Eine Neuheit im VGG ist die Regel, dass Gewährleistungsrechte bei Sachmängeln zusätzlich innerhalb von drei Monaten nach Ablauf der Gewährleistungsfrist eingeklagt oder dem Verkäufer angezeigt werden können (um zeitlich unbeschränkt die Einrede des Mangels in einem Prozess geltend zu machen). Bei Rechtsmängeln tritt die Verjährung zwei Jahre nach dem Zeitpunkt ein, zu dem der Mangel dem Verbraucher bekannt wird („hervorkommt“).

Diese neue Verjährungsregelung wird per 01.01.2022 auch in das Gewährleistungsrecht nach dem ABGB übernommen.

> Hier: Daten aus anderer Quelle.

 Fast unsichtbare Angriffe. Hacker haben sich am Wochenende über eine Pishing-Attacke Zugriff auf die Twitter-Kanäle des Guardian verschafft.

Außerdem wird dort (§ 933) der Beginn der Verjährung für Mängel bei unbeweglichen Sachen auf den Zeitpunkt verschoben, zu dem der Mangel bekannt wird.

Weitere Änderungen

Der alte Ausdruck „Wandlung“ wurde durch „Auflösung des Vertrags“ ersetzt.

Der Rückgriff auf den Vormann nach § 933b ABGB kann für ab dem 01.01.2022 geschlossene Verträge durch eine Vereinbarung nur noch dann ausgeschlossen oder beschränkt werden, wenn diese im Einzelnen ausgehandelt worden ist und den Übergeber unter Berücksichtigung aller Umstände des Falles nicht gröblich benachteiligt.

Fazit

Vor allem im Bereich der digitalen Dienstleistungen und Waren mit digitalen Elementen, zB im Zusammenhang mit der Aktualisierungspflicht, werden in der Praxis einige Fragen zu klären sein. Unternehmer sollten das neue VGG zum Anlass nehmen, ihre bestehenden AGB auf Vereinbarkeit mit den künftigen Regelungen zu prüfen.